All setter methods return IndexWriterConfig to allow chaining settings conveniently, for example:

conf := NewIndexWriterConfig(analyzer)
				.setter1()
				.setter2()

func NewIndexWriterConfig

func NewIndexWriterConfig(matchVersion util.Version, analyzer analysis.Analyzer) *IndexWriterConfig

Creates a new config that with defaults that match the specified Version as well as the default Analyzer. If matchVersion is >= 3.2, TieredMergePolicy is used for merging; else LogByteSizeMergePolicy. Note that TieredMergePolicy is free to select non-contiguous merges, which means docIDs may not remain monotonic over time. If this is a problem, you should switch to LogByteSizeMergePolicy or LogDocMergePolicy.

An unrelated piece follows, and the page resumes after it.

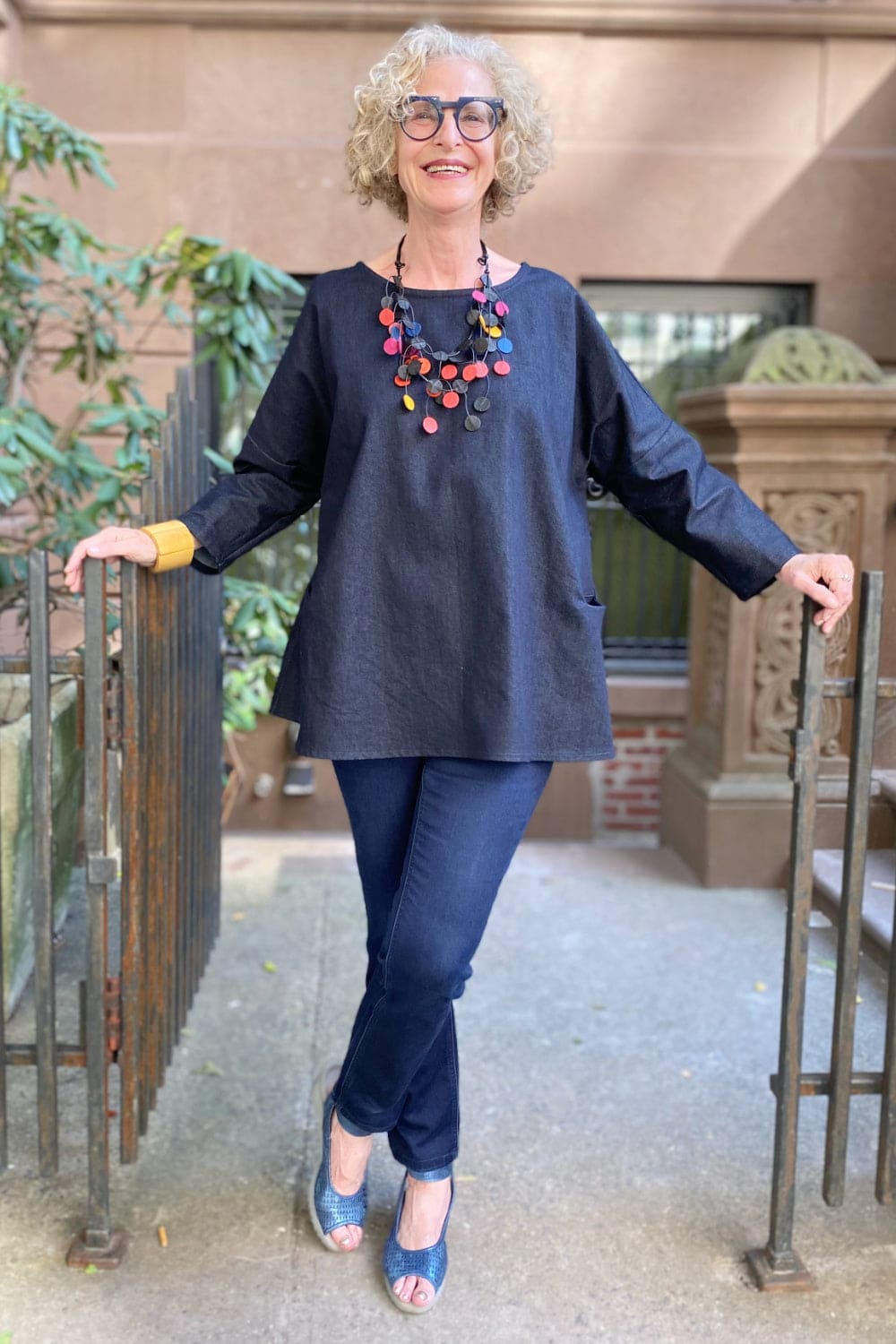 Aline denim top worn with denim jeans and fun statement necklace.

func (*IndexWriterConfig) InfoStream

func (conf *IndexWriterConfig) InfoStream() util.InfoStream

L478

func (*IndexWriterConfig) MergePolicy

func (conf *IndexWriterConfig) MergePolicy() MergePolicy

L310

func (*IndexWriterConfig) SetIndexDeletionPolicy

func (conf *IndexWriterConfig) SetIndexDeletionPolicy(delPolicy IndexDeletionPolicy) *IndexWriterConfig

Expert: allows an optional IndexDeletionPolicy implementation to be specified. You can use this to control when prior commits are deleted from the index. The default policy is KeepOnlyLastCommitDeletionPolicy which removes all prior commits as soon as a new commit is done (this matches behavior before 2.2). Creating your own policy can allow you to explicitly keep previous "point in time" commits alive in the index for some time, to allow readers to refresh to the new commit without having the old commit deleted out from under them. This is necessary on filesystems like NFS that do not support "delete on last close" semantics, which Lucene's "point in time" search normally relies on.

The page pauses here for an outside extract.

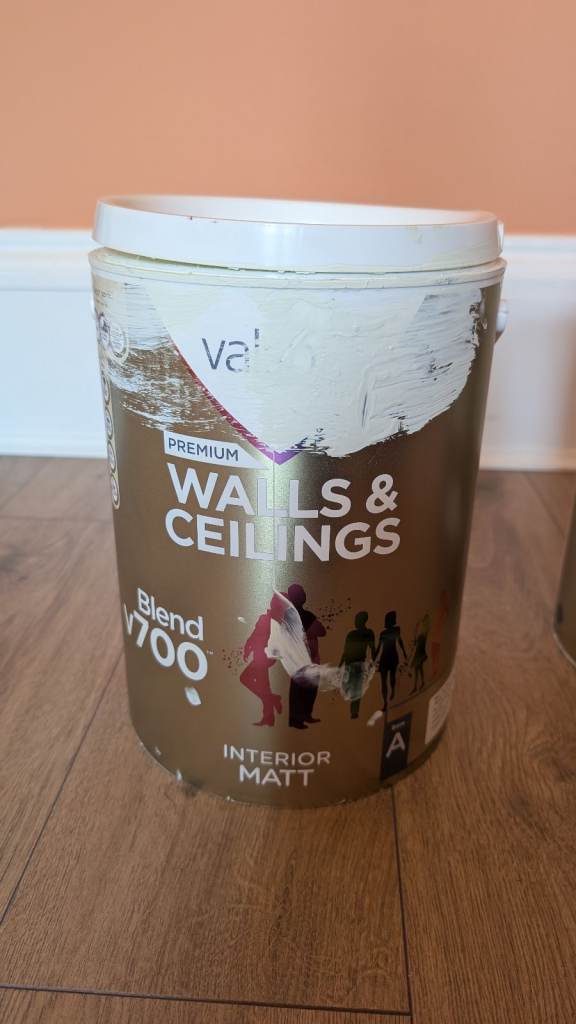 Two opened pots of paint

NOTE: the deletion policy can not be nil

func (*IndexWriterConfig) SetInfoStream

func (conf *IndexWriterConfig) SetInfoStream(infoStream util.InfoStream) *IndexWriterConfig

L523

Information about merges, deletes and a message when maxFieldLength is reached will be printed to this. Must not be nil, but NO_OUTPUT may be used to surpress output.

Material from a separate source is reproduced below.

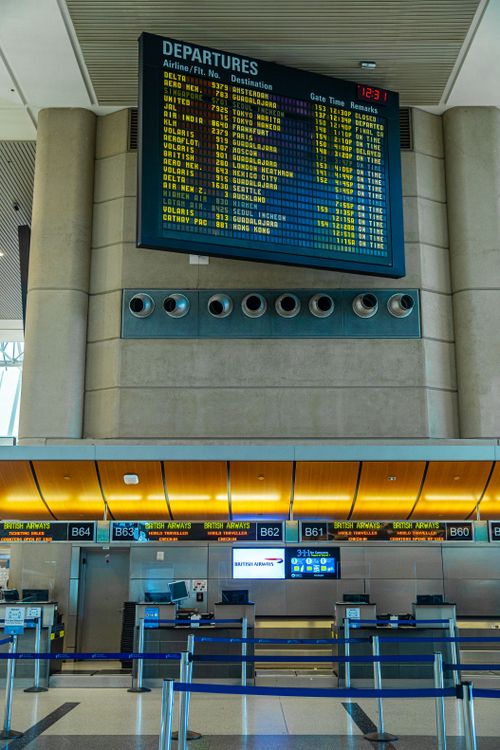 Digital departure board and airline check-in counters at a modern airport terminal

func (*IndexWriterConfig) SetMaxBufferedDocs

func (conf *IndexWriterConfig) SetMaxBufferedDocs(maxBufferedDocs int) *IndexWriterConfig

L548

func (*IndexWriterConfig) SetMergeScheduler

func (conf *IndexWriterConfig) SetMergeScheduler(mergeScheduler MergeScheduler) *IndexWriterConfig

Expert: sets the merge scheduler used by this writer. The default is ConcurentMergeScheduler.

NOTE: the merge scheduler cannot be nil.

Only takes effect when IndexWriter is first created.

func (*IndexWriterConfig) SetMergedSegmentWarmer

func (conf *IndexWriterConfig) SetMergedSegmentWarmer(mergeSegmentWarmer IndexReaderWarmer) *IndexWriterConfig

func (*IndexWriterConfig) SetReaderPooling

func (conf *IndexWriterConfig) SetReaderPooling(readerPooling bool) *IndexWriterConfig

L406

By default, IndexWriter does not pool the SegmentReaders it must open for deletions and merging, unless a near-real-time reader has been obtained by calling openDirectoryReader(IndexWriter, bool). This method lets you enable pooling without getting a near-real-time reader. NOTE: if you set this to false, IndexWriter will still pool readers once openDirectoryReader(IndexWriter, bool) is called.

func (*IndexWriterConfig) SetReaderTermsIndexDivisor

func (conf *IndexWriterConfig) SetReaderTermsIndexDivisor(divisor int) *IndexWriterConfig

func (*IndexWriterConfig) SetSimilarity

func (conf *IndexWriterConfig) SetSimilarity(similarity Similarity) *IndexWriterConfig

L259

Expert: set the Similarity implementation used by this IndexWriter.

NOTE: the similarity cannot be nil.

Only takes effect when IndexWriter is first created.

func (*IndexWriterConfig) SetUseCompoundFile

func (conf *IndexWriterConfig) SetUseCompoundFile(useCompoundFile bool) *IndexWriterConfig

func (*IndexWriterConfig) String

func (conf *IndexWriterConfig) String() string

type IndexingChain

type IndexingChain func(documentsWriterPerThread *DocumentsWriterPerThread) DocConsumer

Returns the DocConsumer that the DocumentsWriter calls to process the documents.

type IntBlockAllocator

type IntBlockAllocator struct {
	*util.IntAllocatorImpl
	// contains filtered or unexported fields
}

func (*IntBlockAllocator) Recycle

func (alloc *IntBlockAllocator) Recycle(blocks [][]int)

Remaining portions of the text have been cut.